For my family, as for so many generations of Americans, America has literally been the last best hope on earth. My grandfather, Maurice Blinken, fled pogroms in Russia and made a new life in America. His son, my father, Donald Blinken, served in the United States Air Force during World War II, and then as a United States ambassador. He is my role model and my hero. His wife, Vera Blinken, fled communist Hungary as a young girl and helped future generations of refugees come to America. My mother, Judith Pisar, builds bridges between America and the world through arts and culture. She is my greatest champion.

And my late stepfather, Samuel Pisar, he was one of 900 children in his school in Bialystok, Poland*, but the only one to survive the Holocaust, after four years in concentration camps. At the end of the war, he made a break from a death march into the woods in Bavaria. From his hiding place, he heard a deep rumbling sound. It was a tank. But instead of the iron cross, he saw painted on its side a five pointed white star. He ran to the tank, the hatch opened, an African-American GI looked down at him. He got down on his knees and said the only three words that he knew in English that his mother taught him before the war, God bless America.

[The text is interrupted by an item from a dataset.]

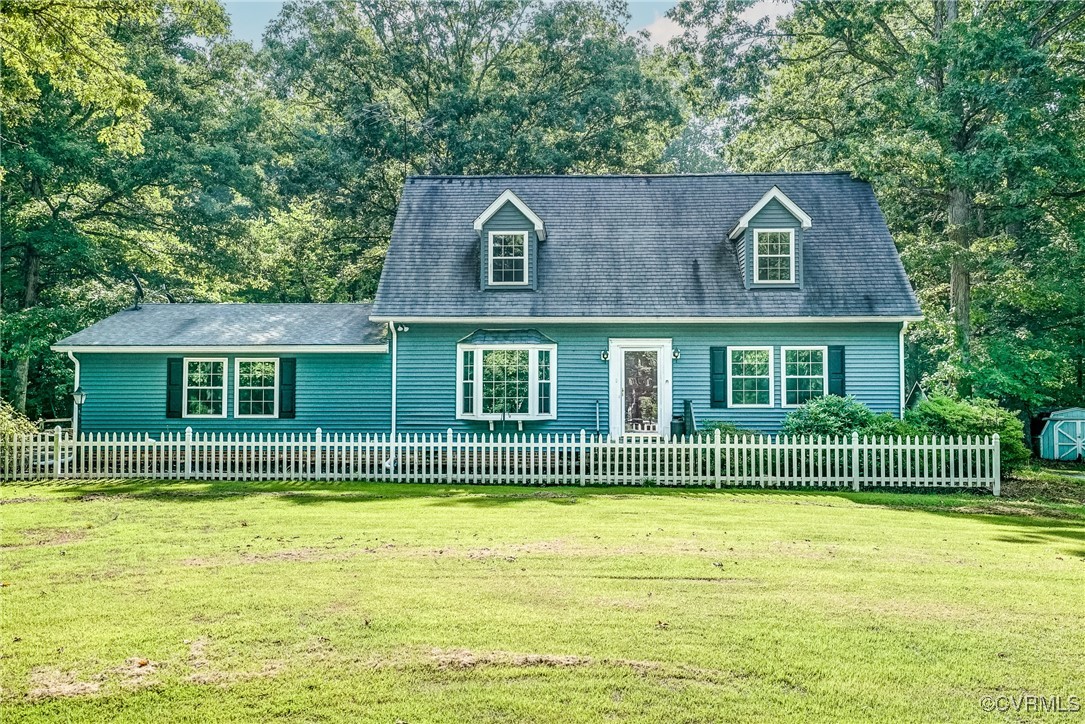 13800 Cross County Road Mineral, VA 23117 - Photo 1 of 47 a front view of a house with a garden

That’s who we are. That’s what America represents to the world, however imperfectly. Now we have to proceed with equal measures of humility and confidence. Humility because, as the president-elect said, we can’t solve all the world’s problems alone. We need to be working with other countries. We need their cooperation. We need their partnership. But also confidence because America at its best still has a greater ability than any other country on earth to bring others together to meet the challenges of our time. And that’s where the men and women of the State Department, foreign service officers, civil service, that’s where they come in. I’ve witnessed their passion, their energy, their courage up close. I’ve seen what they do to keep us safe, to make us more prosperous. I’ve seen them add luster to a word that deserves our respect, diplomacy. If confirmed, it will be the honor of my life to help guide them. And so thank you all. And may God bless America.

*In the early 1900s, Białystok was reputed to have the largest concentration of Jews of all the cities in the world. In 1931, 40,000 Jews lived in the city, nearly half the city's inhabitants.